大麻が札幌琴似工を6-4で下し、昨春以来5季ぶりの勝利を挙げた。1年生エース左腕で4番を打つ小川凌平が、4-4の7回1死二、三塁で勝ち越しの2点左前打を放つなど2安打3打点。今春ユニホームを新調して以降、3季目での初白星に貢献した。

取って取られて取り返し…最後は締めた。一塁の守備位置から9回に再登板した左腕小川は、味方に最敬礼した。「抜けたと思った。同級生の不破に助けられた。本当に感謝です」。2死満塁の窮地。相手の3番打者の打球は、一、二塁間を鋭く突くも、不破拓真二塁手(1年)が横っ跳びして二ゴロに抑えた。
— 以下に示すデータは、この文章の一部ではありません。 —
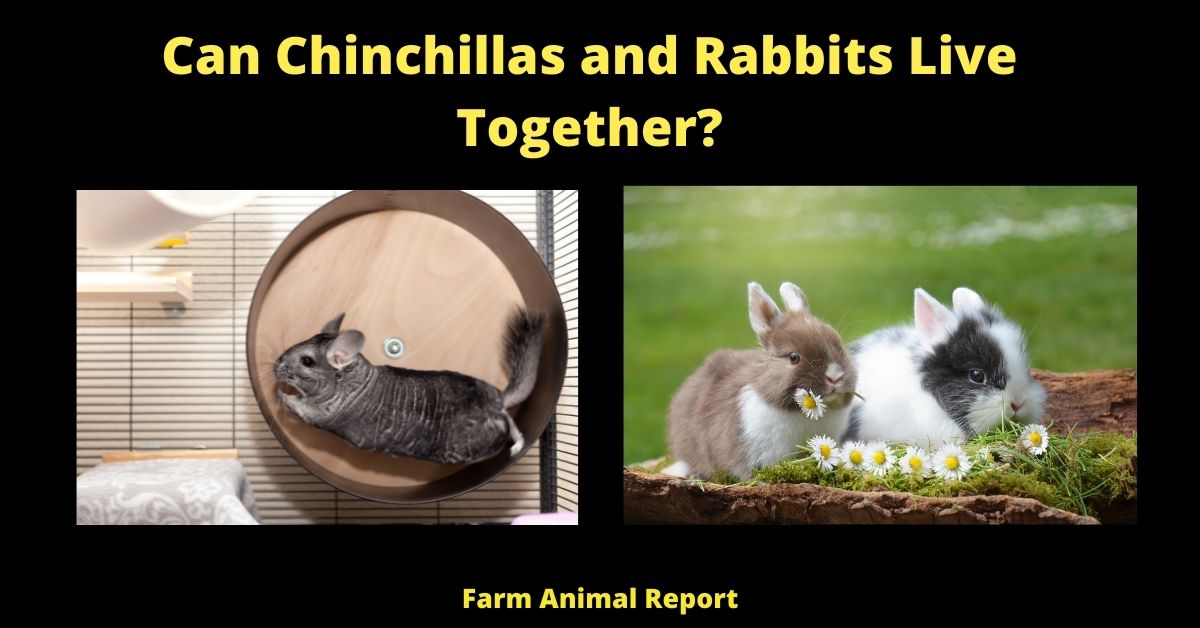 Can Chinchillas and Rabbits Live Together? (2022) 3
ラストは助けられたが、投打で小川劇場だった。初回1死二塁で左越えの適時打を放つと、投げても公式戦初登板で5回まで1安打投球。6回に3失点して1度マウンドを譲ったが、同点の7回1死二、三塁では勝ち越しの左前2点適時打を放ち、試合を決めた。山本直洋監督(39)は6回の降板直後、「逆転できたら、また9回に登板するからな」と伝えた。自らバットで借りを返し、緊迫の最終回も、堂々と切り抜けた。
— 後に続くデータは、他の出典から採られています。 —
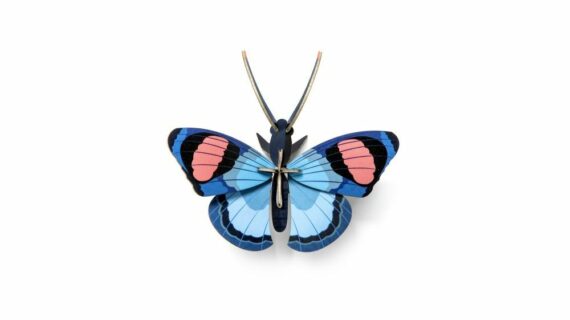 Papillon paon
1年生エース兼主砲の活躍で“新生大麻”として1勝を挙げた。昨春、10年に岩内を南北海道大会に導いた山本監督が就任。「いろんなものをゼロから一新するいいタイミングだった」と室内練習場の整備や清掃に着手し、今春にはユニホームもモデルチェンジした。縦縞は踏襲したものの、ベースを白からライトグレーに変更。さらに「OHASA」の表記を「よりシンプルで読みやすく」(山本監督)と「OASA」に変えた。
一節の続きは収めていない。